At the end of each term, the Trust calculated the holiday pay owed to her by reference to 12.07% of the salary she had earned that term. Mrs Brazel argued that this was the incorrect method of calculation and amounted to unlawful pro-rating of her holiday entitlement.
The Supreme Court agreed with her, and ruled that every worker is entitled to the statutory minimum holiday entitlement of 5.6 weeks per year, regardless of how many weeks are worked during the year, and that workers whose salary varies throughout the year must be paid at the average weekly rate of pay over the previous 52 weeks in which salary was payable. Crucially, the Supreme Court clarified that when undertaking this 52-week calculation, any weeks in which no remuneration was payable should not be taken into account.

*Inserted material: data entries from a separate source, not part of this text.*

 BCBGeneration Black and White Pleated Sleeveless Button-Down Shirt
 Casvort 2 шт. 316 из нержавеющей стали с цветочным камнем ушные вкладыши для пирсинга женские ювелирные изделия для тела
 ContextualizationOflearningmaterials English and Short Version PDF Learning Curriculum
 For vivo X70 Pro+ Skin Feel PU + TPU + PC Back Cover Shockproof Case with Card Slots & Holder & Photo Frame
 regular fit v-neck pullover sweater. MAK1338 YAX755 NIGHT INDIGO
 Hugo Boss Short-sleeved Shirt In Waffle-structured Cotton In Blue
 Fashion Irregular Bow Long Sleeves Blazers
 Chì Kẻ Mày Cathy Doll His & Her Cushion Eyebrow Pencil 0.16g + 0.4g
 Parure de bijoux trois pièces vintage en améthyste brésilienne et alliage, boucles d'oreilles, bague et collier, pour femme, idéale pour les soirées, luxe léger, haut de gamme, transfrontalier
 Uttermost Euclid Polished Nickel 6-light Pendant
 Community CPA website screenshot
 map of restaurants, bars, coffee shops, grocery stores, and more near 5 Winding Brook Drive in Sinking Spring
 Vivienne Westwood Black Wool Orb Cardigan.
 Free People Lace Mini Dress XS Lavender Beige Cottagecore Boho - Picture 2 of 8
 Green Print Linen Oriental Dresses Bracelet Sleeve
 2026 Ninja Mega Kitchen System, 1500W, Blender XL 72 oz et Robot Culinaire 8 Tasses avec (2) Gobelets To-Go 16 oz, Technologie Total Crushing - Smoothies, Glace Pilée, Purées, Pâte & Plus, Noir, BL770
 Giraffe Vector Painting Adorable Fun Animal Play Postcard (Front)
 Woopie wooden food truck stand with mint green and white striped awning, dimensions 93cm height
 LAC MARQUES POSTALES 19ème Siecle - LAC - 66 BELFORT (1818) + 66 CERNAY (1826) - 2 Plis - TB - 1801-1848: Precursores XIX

The impact of the Harpur Trust decision on schools
The Supreme Court’s decision has resulted in significant upheaval at many schools, since it was common practice to pro-rate the holiday entitlement of part-year workers and to use the 12.07% method to calculate holiday pay.
Schools have found that their efforts to comply with the Harpur Trust decision have resulted in some bizarre scenarios, whereby their part-year workers receive a greater holiday entitlement than their part-time counterparts who are working the same number of hours across the year. There have even been cases of exam invigilators and sports coaches being entitled to more holiday pay than the amount of their annual salary.
In an attempt to rectify these anomalies, the Government last week launched a previously unannounced and unexpected consultation. The Government has stated that it wishes to “ensure that holiday pay and entitlement received by workers is proportionate to the time they spend working” and that it is therefore “seeking views on proposals to pro-rata holiday entitlement for part-year and irregular hours workers based on the annual hours they work”.
In particular, it is notable that the Government is asking for views on a return to the use of the 12.07% calculation method, and the use of a 52-week reference period that takes into account weeks in which no remuneration is payable.
What this means for schools
For the time being, the Supreme Court’s judgment remains binding law and will continue to be so unless the Government decides to legislate to overturn the judgment once it has considered the responses to the consultation. Those schools that have already made changes in order to comply with the Supreme Court’s decision are therefore compliant with the current law.
Those schools that are not compliant with the Supreme Court’s decision should be mindful of the risks associated with non-compliance. However, they may nevertheless wish to hold off from making the necessary changes and instead adopt a “wait and see” approach until the Government has indicated whether it intends to bring in legislation to change the law.
We would urge all schools to respond to the consultation with their views on the proposals, as this is a chance to overturn some of the anomalies brought about by the Supreme Court’s decision and to restore a sense of equality. The consultation closes on 9 March 2023.